На стене картина в рамке, старательно сделано: синева неба - так синяя, желтизна пустыни - так жёлтая, тигр полосат и рыж, никаких полутонов, переходов - честное рисование. Под тигром, привалясь к пухлой спинке старомодного дивана, хозяин продолжает рассказывать о восстании в лагере смерти Собибор.
– Всё связывается со мной, я и вправду командовал тогда, но главная заслуга не моя, одного из Польши, Леон Фельдгандлер его звали, он руководил подпольем и всё организовал, я почти на готовое пришёл... А что восстание получилось, так благодаря чему? Благодаря эсэсовской жадности и точности. Дармовой мундир от хорошего портного хотелось получить, и шли на примерку точно по часам, тут их и убивали.

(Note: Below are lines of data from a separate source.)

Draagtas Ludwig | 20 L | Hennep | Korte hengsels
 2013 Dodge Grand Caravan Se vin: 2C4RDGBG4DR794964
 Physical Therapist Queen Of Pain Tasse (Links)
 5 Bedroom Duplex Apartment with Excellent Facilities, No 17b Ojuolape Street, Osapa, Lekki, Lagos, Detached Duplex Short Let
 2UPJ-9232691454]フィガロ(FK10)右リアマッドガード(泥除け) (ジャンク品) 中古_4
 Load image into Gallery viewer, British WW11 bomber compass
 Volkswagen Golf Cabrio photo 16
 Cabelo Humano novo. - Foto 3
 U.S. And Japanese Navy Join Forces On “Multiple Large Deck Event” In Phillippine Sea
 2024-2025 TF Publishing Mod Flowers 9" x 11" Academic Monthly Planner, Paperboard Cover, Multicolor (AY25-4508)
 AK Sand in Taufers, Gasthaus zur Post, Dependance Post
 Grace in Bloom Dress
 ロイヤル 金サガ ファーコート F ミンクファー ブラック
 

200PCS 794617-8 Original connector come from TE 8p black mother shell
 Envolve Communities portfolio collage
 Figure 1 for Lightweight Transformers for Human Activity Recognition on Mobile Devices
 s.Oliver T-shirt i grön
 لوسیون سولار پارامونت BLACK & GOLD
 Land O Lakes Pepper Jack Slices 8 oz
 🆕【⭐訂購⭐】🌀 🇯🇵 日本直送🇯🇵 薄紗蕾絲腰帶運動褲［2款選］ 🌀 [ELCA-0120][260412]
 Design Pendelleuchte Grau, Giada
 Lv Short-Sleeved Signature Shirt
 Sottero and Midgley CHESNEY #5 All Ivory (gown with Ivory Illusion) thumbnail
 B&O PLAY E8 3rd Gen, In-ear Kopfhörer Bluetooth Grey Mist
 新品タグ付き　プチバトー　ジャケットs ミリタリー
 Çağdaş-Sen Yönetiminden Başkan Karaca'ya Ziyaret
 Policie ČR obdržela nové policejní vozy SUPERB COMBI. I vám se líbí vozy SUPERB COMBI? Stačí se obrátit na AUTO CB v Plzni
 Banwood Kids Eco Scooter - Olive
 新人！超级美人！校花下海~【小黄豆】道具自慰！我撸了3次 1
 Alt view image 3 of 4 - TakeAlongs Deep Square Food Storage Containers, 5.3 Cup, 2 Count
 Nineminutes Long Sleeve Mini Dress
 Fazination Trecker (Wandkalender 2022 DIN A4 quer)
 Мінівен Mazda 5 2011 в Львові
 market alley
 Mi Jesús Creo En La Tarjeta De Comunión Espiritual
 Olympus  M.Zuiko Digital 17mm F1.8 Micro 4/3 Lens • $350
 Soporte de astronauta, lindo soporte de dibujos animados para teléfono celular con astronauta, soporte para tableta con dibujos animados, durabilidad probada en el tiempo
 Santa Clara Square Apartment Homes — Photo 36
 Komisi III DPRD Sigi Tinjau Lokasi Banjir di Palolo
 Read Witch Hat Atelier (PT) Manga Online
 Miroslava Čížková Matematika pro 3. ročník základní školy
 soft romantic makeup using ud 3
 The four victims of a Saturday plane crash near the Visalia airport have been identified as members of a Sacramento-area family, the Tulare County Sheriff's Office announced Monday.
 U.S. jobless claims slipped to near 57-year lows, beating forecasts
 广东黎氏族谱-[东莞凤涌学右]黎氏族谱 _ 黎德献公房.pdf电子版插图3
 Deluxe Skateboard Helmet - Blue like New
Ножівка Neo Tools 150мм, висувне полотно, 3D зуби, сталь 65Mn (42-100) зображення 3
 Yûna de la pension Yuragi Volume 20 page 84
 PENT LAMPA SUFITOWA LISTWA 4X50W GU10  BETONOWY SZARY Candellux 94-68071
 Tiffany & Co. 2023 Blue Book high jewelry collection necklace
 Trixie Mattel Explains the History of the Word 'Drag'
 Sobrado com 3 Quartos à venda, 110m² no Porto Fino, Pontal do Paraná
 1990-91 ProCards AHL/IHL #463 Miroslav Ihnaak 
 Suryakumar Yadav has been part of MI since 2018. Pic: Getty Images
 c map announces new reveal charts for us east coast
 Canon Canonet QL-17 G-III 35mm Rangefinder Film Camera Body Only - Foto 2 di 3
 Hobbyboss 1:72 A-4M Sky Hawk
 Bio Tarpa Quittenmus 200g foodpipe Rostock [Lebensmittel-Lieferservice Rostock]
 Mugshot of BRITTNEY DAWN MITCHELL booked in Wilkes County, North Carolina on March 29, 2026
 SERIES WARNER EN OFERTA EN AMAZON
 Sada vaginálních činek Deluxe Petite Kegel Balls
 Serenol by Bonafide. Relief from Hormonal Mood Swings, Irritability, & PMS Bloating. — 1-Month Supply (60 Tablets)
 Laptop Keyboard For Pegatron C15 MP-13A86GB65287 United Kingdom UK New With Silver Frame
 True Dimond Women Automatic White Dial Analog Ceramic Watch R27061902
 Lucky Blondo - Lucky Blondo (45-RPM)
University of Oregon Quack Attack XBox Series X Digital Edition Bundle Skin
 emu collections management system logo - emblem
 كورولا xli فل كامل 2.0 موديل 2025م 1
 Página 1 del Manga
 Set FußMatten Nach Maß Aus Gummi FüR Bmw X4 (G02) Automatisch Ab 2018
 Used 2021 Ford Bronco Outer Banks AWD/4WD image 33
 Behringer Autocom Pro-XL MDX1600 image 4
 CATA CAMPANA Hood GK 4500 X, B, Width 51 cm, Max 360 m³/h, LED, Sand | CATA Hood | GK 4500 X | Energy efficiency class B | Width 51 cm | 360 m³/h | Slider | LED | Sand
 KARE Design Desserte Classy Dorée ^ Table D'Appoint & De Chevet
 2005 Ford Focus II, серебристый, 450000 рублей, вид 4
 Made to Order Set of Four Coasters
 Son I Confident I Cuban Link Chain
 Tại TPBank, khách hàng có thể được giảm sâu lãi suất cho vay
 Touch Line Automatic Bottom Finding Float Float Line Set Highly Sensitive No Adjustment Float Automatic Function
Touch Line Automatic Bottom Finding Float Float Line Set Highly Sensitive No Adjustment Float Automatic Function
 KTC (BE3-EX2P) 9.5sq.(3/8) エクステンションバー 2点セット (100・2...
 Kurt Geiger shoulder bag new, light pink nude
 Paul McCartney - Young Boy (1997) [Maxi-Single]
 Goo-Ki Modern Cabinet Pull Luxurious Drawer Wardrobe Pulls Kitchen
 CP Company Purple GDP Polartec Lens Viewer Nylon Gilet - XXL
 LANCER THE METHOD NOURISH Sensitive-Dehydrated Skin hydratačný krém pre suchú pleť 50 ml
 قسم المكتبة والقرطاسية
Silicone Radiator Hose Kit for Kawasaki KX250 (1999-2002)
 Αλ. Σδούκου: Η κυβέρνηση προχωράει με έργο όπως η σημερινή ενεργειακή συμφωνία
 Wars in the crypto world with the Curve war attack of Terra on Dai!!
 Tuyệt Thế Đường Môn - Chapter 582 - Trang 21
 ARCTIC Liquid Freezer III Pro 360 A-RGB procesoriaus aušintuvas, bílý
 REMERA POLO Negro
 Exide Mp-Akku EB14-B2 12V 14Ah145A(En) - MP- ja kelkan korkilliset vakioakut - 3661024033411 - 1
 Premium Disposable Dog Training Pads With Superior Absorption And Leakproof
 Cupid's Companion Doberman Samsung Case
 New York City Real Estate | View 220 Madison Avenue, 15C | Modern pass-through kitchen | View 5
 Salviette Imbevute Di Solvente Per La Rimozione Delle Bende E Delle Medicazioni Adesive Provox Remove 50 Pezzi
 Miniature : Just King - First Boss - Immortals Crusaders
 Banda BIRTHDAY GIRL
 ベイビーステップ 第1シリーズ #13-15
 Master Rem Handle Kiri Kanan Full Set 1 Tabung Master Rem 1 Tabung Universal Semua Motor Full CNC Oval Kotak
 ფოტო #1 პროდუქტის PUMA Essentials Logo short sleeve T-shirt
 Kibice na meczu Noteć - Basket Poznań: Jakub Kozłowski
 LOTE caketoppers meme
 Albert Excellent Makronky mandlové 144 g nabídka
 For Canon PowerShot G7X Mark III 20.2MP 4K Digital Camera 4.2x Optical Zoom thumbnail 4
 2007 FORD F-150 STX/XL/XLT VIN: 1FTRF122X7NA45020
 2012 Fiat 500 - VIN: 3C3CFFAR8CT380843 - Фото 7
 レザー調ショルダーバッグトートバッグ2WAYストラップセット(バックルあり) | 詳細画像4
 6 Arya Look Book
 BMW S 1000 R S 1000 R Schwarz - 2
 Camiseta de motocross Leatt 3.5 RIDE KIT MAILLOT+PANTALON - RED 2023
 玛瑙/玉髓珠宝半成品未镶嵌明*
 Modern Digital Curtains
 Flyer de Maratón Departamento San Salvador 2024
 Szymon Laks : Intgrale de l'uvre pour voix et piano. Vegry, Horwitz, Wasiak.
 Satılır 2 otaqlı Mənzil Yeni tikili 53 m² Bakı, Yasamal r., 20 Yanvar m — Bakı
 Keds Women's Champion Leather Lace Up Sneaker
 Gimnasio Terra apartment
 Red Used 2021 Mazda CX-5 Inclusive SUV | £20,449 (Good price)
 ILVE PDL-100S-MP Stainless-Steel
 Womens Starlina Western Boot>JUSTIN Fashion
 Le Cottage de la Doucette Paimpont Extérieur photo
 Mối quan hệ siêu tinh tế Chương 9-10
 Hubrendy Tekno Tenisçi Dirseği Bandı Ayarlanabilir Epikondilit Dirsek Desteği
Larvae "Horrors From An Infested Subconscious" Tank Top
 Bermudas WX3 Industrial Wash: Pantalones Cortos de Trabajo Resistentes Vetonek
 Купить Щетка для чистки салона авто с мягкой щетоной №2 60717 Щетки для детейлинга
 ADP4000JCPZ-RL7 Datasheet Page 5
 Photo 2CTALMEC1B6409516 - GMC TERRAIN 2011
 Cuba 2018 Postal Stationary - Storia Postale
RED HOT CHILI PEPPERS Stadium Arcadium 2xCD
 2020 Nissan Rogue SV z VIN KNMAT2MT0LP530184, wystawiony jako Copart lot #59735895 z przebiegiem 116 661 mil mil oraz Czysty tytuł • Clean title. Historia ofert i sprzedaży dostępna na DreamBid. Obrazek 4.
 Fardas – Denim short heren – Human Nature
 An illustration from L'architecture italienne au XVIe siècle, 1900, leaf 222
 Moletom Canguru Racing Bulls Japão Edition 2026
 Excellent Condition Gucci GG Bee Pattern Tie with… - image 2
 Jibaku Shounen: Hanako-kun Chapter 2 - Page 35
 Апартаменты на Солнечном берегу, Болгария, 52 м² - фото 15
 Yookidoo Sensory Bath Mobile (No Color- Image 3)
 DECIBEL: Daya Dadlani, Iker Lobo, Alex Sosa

Скромничает Александр Печерский. Жизнь лагерников коротка, не поспевал подпольный комитет сплотить в боевую единицу бессильно-штатских портных и парикмахеров. Запалом мятежа попала в лагерь группа советских военнопленных, умело-боевых, среди них отчаянный «Сашко-ростовчанин» - дело и завертелось. Всего через три недели после прибытия русских в лагерь Печерский поднял шестьсот смертников на почти безнадёжный бой, голыми руками против пулемётов и колючей проволоки, и шестьдесят прорвались к жизни, и лагерь-убийца сдох навсегда, и было это не в победном сорок пятом году, когда на подходе гремели выручающие танки союзных армий, а в глухой глубине войны, в октябре сорок третьего, подмоги не докричаться, да и кому нужны бежавшие евреи? Фельдгандлера, например, после побега убили поляки...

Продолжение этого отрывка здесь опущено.